• **EXERCISE INSTRUCTIONS**
Once the line containing "Glass Pitcher with" is found in the material below, it and every line after it should be transcribed exactly, with pictures left out and nothing added.

• **RECORDS FOR THE TASK**
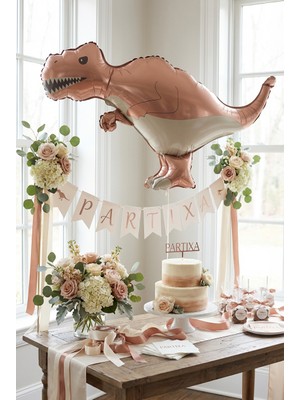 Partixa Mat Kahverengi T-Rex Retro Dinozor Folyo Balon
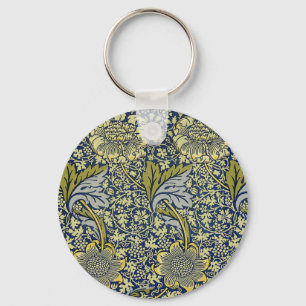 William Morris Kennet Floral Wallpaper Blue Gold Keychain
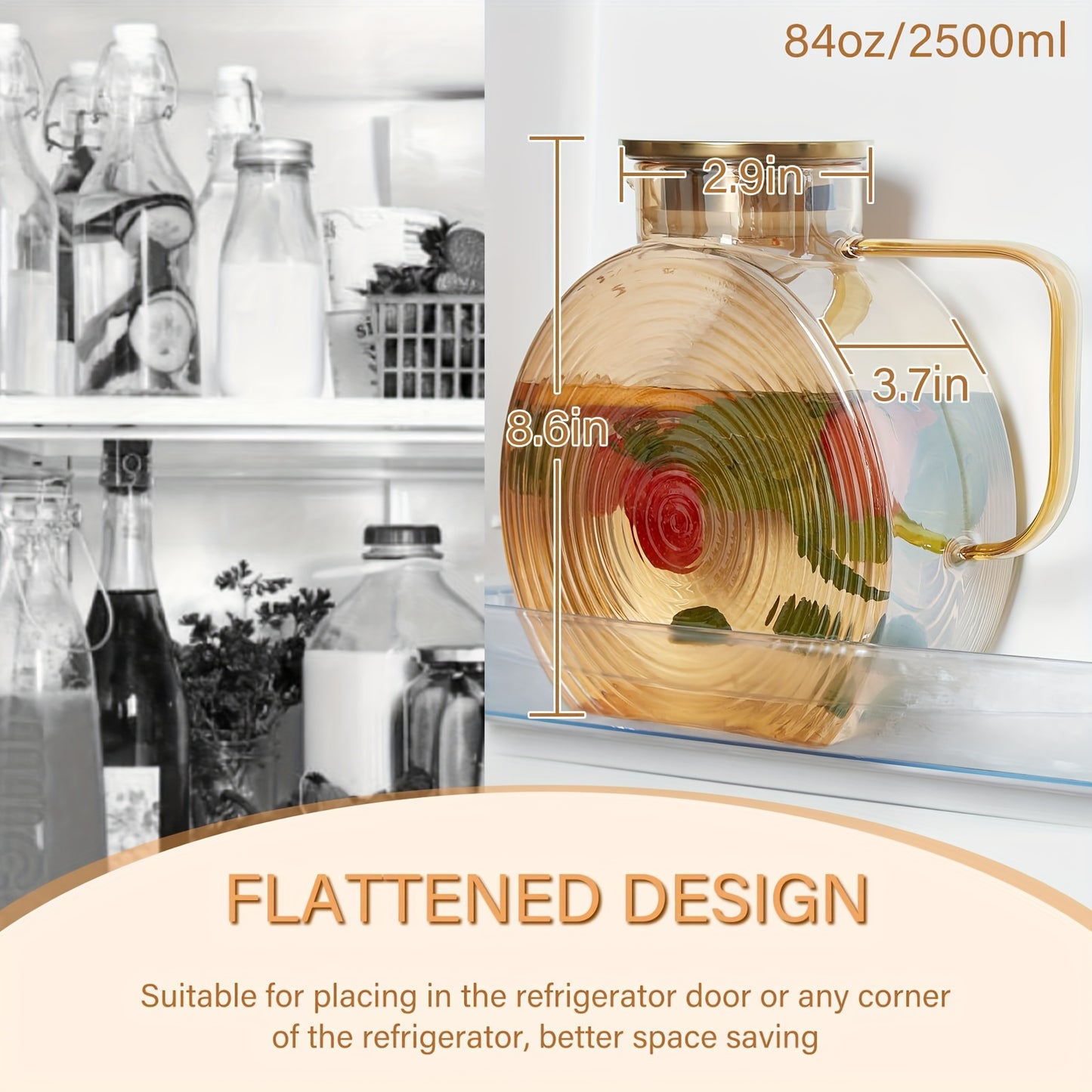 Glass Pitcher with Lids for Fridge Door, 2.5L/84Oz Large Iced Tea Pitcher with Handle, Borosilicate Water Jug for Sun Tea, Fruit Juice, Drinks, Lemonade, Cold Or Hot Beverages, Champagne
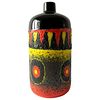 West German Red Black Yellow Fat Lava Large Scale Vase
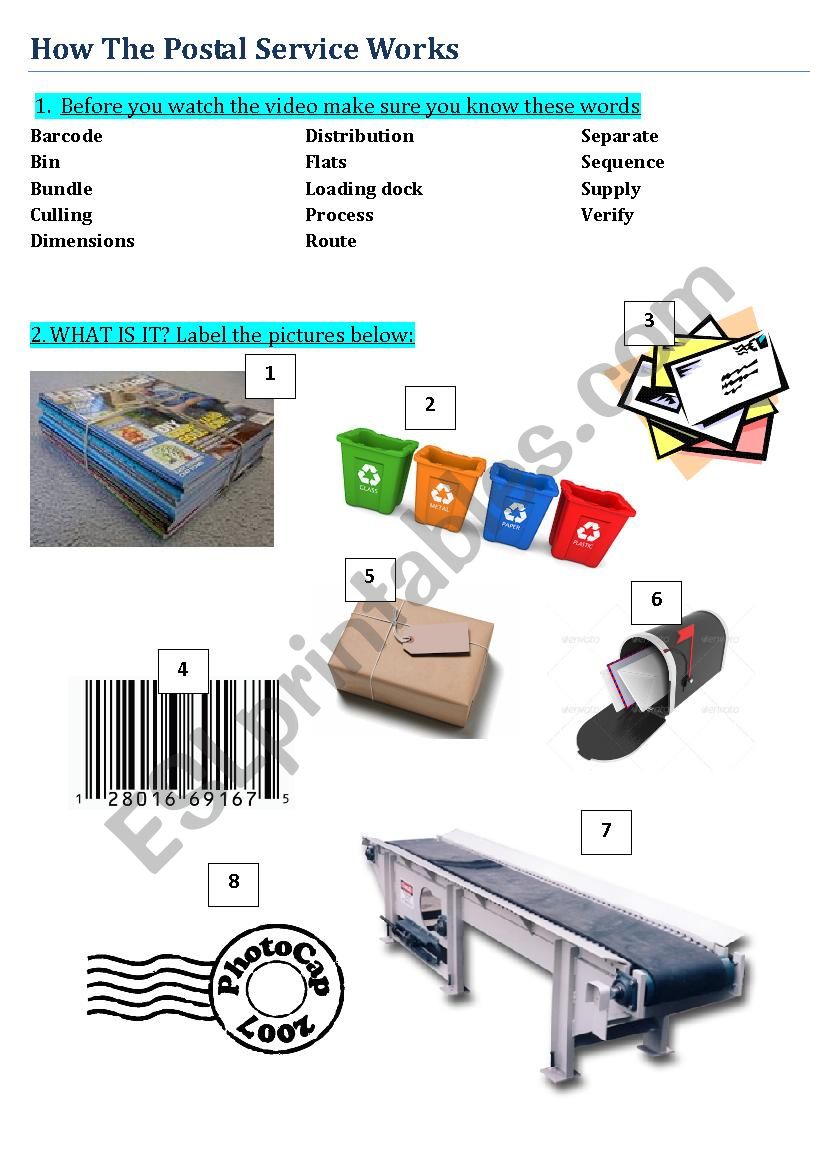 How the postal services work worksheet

• **SOLUTION**
 Glass Pitcher with Lids for Fridge Door, 2.5L/84Oz Large Iced Tea Pitcher with Handle, Borosilicate Water Jug for Sun Tea, Fruit Juice, Drinks, Lemonade, Cold Or Hot Beverages, Champagne
 West German Red Black Yellow Fat Lava Large Scale Vase
 How the postal services work worksheet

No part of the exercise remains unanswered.